Granted case challenged as “moot”

A California labor union local has asked the Supreme Court to put an end to a significant case on the fees that non-union workers must pay to unions representing them — a case the Court had agreed last June to hear, but has not yet scheduled for argument.  The union chapter — California Local 1000 of the Service Employees International Union –told the Court that it has offered to refund all of the fees previously assessed, and to pay each worker who asks for a refund $1 in “nominal damages.”  That is all that the workers could gain even if they won the case, the new filing contended, so the case is now “moot” — that is, it is legally dead.   The workers involved, however, are resisting the challenge, arguing that the maneuver is a “last-ditch effort” to avoid losing the case.

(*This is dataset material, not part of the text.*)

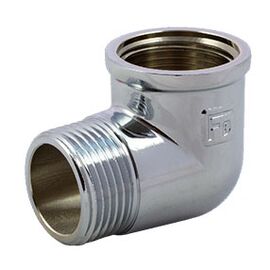 Fado U11C Уголок НВ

The motion to dismiss is here, and its appendix is here.  The opposition to the dismissal motion is here.  The reply brief is here.

The Court may consider as early as its Conference this Friday the motion to dismiss the case of Knox v. SEIU Local 1000 (docket 10-1121).  The case was taken to the Court by eight Californians, representing a legal class of some 36,000 present and former public employees for California state and local government agencies, urging the Court to provide new legal protection for non-union workers faced with a special assessment of fees to help underwrite what they claim was political activity by the union, activity to which the non-unionists object.

The case is the latest in a series, going back primarily to 1977, in which the Court has been working out how to define which activities of labor unions are closely enough related to their collective bargaining duties that all of a company’s workers — including those not in the union but still represented by it — can be required to pay dues or fees to fund those activities.  The Court has drawn a rather general line, between dues or fees that go directly to pay for bargaining activity or that benefit all workers, and money that is used to advance the union’s own political or ideological goals or ambitions or its lobbying on, say, social issues.

As the Knox case has been unfolding before the Court, it has shaped up as a test, first, of unions’ obligation to properly notify its workers of its plans to make a special fee assessment, and, second, a test of its duty not to assess such fees against non-members who do not support the political activity that could be financed with the money.

In now urging the Court to dismiss the case, Local 1000’s lawyers said that, on September 29, it mailed out notice to each of those in the class that sued, telling them that it will refund all of the fees each of them had paid between September 1, 2005, and June 30, 2006.   Although a federal District judge had ordered the local to refund only the part of the fees that would have been spent on political activity unrelated to collective bargaining, the local said, it was now ready to refund 100 percent of the fees.    All the workers needed to do, it added, was to send a letter to the union asking for a refund, and supplying identifying information, by no later than November 18.

With each letter, the local added, it had attached a $1 bill — easily detachable — that would cover the “nominal damages” that the federal judge had ordered.

Although the union had lost before that judge in the District Court, it had won the case in the Ninth Circuit Court.  The appeals court ruled that the local had no legal duty to provide a new notice of the special fee assessment, because it had earlier provided adequate notice of what would happen on fee assessments.  It also decided that the amount of money the temporary, special assessment would raise would cover activities closely enough related to the interests of all of the workers to be valid.

This new move, the local’s attorneys told the Supreme Court, means that the eight individuals and the class they represent “have received all of the relief that would be available to them following any decision in their favor by this Court.”  In fact, the lawyers argued, the workers are being provided with more than the local was obliged to do, since it will refund the full amount of the assessment to each of the workers who seeks a refund.

The non-union workers, in their response, urged the Court to reject the dismissal motion, but, at a minimum, to keep the case alive until an oral argument has been held.   The local’s new arguments can be considered at that time, the workers’ counsel said.

The response blasted the local’s new move as an attempt “to play ducks and drakes with the judiciary.  It is desperate.  It is a half-measure.  And, most importantly, it is futile.”   The response went on to argue that the case is not moot, because the non-union remain subject to the local’s “authority to collect forced dues,” which it could invoke at any time.   By gluing a $1 bill to the refund offer letters, the workers’ lawyer said, the local was attempting a “crude substitute” for providing nominal damages.  Such damages are not designed to cover for a financial injury, but to vindicate workers’ rights.   The union “cannot stymie” a worker’s vindication of his rights “by simply handing him a dollar bill.  That fundamentally misunderstands the nature of the nominal-damages remedy.”

Finally, the workers’ counsel contended that the local has not offered everything that the non-union workers seek by their lawsuit, since the offer “contains a number of strings and caveats that reduce the likelihood of a given class member ever seeing a refund.”

Reacting to the workers’ opposition, the union local contended in its reply brief that they had not sought any future relief, so they are not entitled to keep the case going because of a concern that new fee assessments might later be made.  It also argued that, by sending each member of the class a $1 bill, the union has actually finished paying the “nominal damages” the federal judge had ordered.